* What this task involves *
All records that follow are to be copied exactly, with images omitted.

* Record extracts *
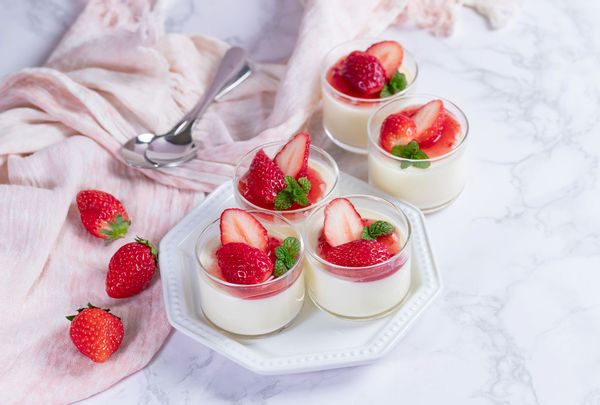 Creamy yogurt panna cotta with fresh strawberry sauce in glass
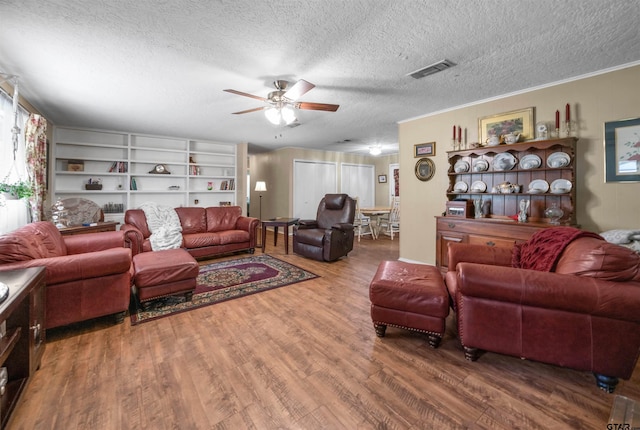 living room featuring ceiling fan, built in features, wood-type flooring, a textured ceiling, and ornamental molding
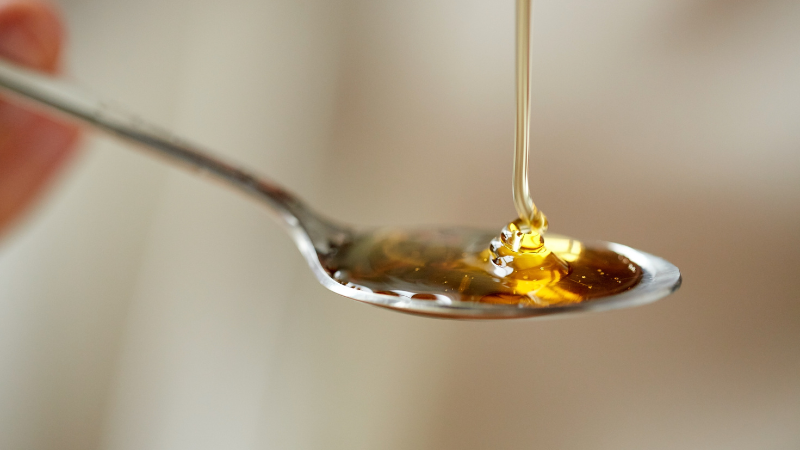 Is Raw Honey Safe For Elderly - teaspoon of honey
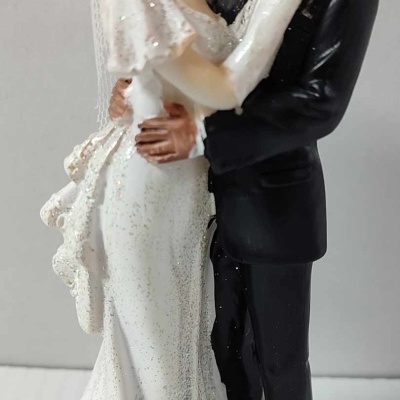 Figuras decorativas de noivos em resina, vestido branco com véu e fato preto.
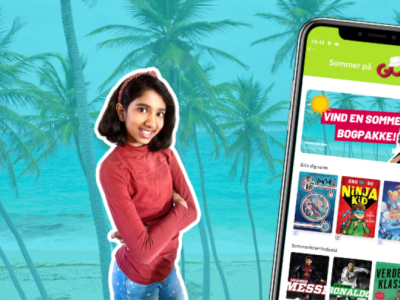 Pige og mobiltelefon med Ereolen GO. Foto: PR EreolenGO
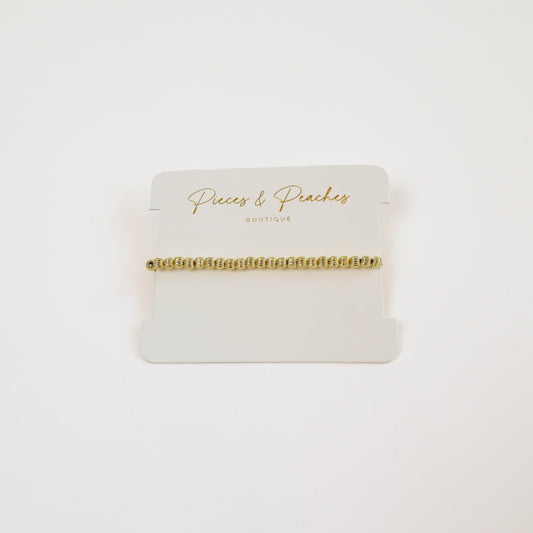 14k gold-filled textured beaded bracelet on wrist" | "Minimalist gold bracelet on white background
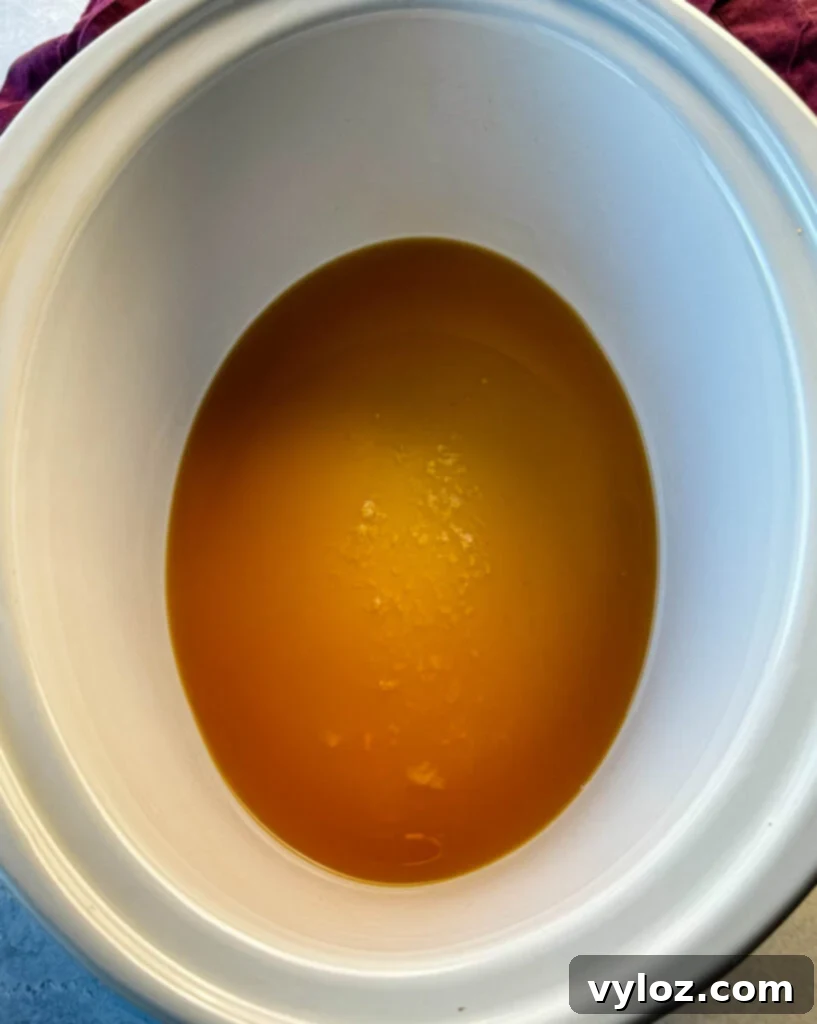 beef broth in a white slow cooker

* Written solution *
 Creamy yogurt panna cotta with fresh strawberry sauce in glass
 living room featuring ceiling fan, built in features, wood-type flooring, a textured ceiling, and ornamental molding
 Is Raw Honey Safe For Elderly - teaspoon of honey
 Figuras decorativas de noivos em resina, vestido branco com véu e fato preto.
 Pige og mobiltelefon med Ereolen GO. Foto: PR EreolenGO
 14k gold-filled textured beaded bracelet on wrist" | "Minimalist gold bracelet on white background
 beef broth in a white slow cooker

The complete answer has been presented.